Tonight is the first preview of Jez Butterworth’s The River and we have tickets. No thanks to me as my attempts online were a complete and utter failure, but thanks to revstan who queued at the theatre (she wrote two lovely posts about the experience here and here – everything you wanted to know about the excitement of queuing and never dared to ask).

Very few productions deserve a pre performance post. Jez Butterworth’s The River is one of those productions. His next play after Jerusalem was always destined to be an event. But Royal Court left nothing to chance: the production (directed  by Ian Rickson, with a cast that includes Miranda Raison and Dominic West no less) plays at the Jerwood theatre upstairs. An 80 seater at the best of times, rumour has it that for this production it’s only 60 seats. Not much larger than someone’s living room. Most crucially tickets can only be purchased on the day of the performance. This decision, which penalises theatregoes who don’t live in London and regular Royal Court audiences, was, in my opinion, at best misguided, at worst cynical. What’s beyond doubt is the controversy it created. Along with the regular complains, discussion focused on the new practice of paid queuing. If Royal Court wanted to give everyone the same chance, you have to consider whether it achieved exactly the opposite.

But today these objections don’t matter. Royal Court will be buzzing, very little is known about the play and we are all in for a surprise (one way or another). And I talked about nerves. My nerves that is. It’s the dread and excitement revstan has been talking about. I used to get very nervous going to the theatre. I could envisage myself in the place of the actor when something goes wrong and my heart would pound. I learned to enjoy this, nerves, butterflies and all. Live performance. This is what’s all about.

Update 20/10/2012: you can find my review of the production here.

2 responses to “Jez Butterworth’s The River at the Royal Court: pre show thoughts and nerves

  1. I hope you will enjoy it – it has the potential to be incredible.

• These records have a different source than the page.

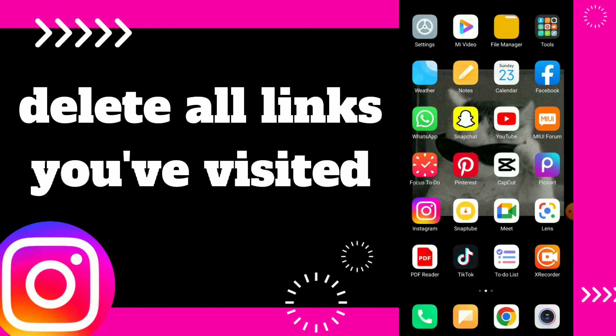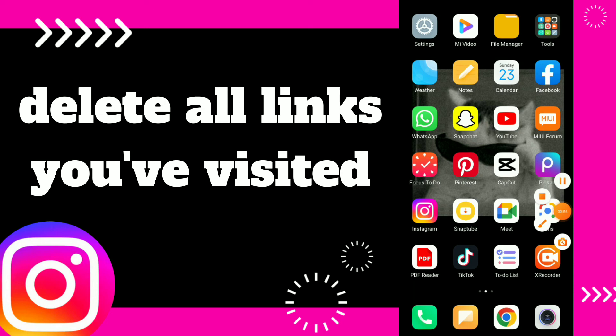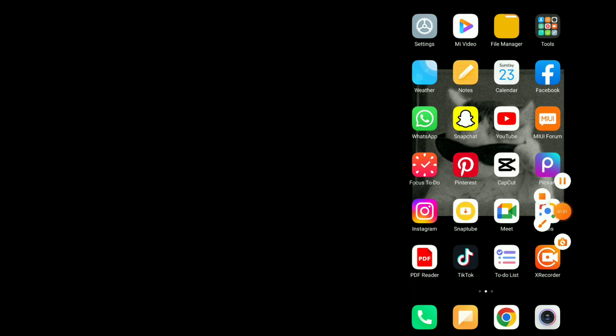Hope this video was helpful for you. If it was, don't forget to subscribe and also don't forget to like this video. Thank you.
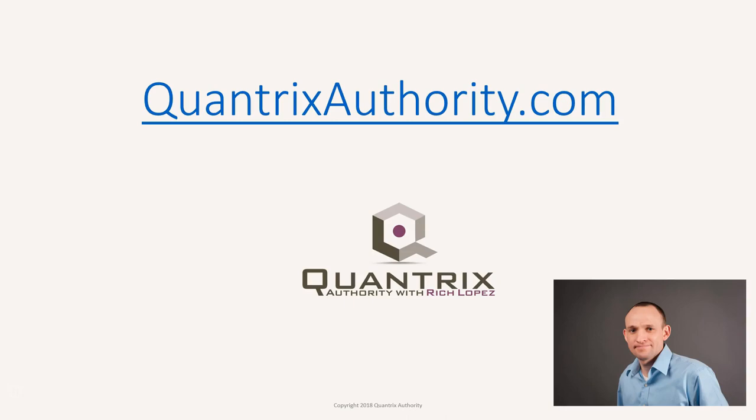I love Quantrix and I want to make you a Quantrix master. Go to QuantrixAuthority.com to learn more.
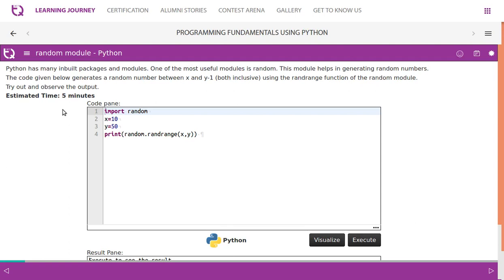Python has many inbuilt packages and modules. One of the most useful modules is random. This module helps in generating random numbers. The code given below generates a random number between X and Y minus one, both inclusive. It uses the randrange function of the random module. Try out and observe the code.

But I hate with a fiery passion what they’ve done in terms of the tickets. It is a ridiculous inversion of ‘the fans have all bought tickets regardless a year in advance’.

    • I am with you. I can’t see any justification for this policy, the only thing I can say in Royal Court’s defense is I think it was bad judgement and not cynical marketing (because even as a marketing stragegy it doesn’t work).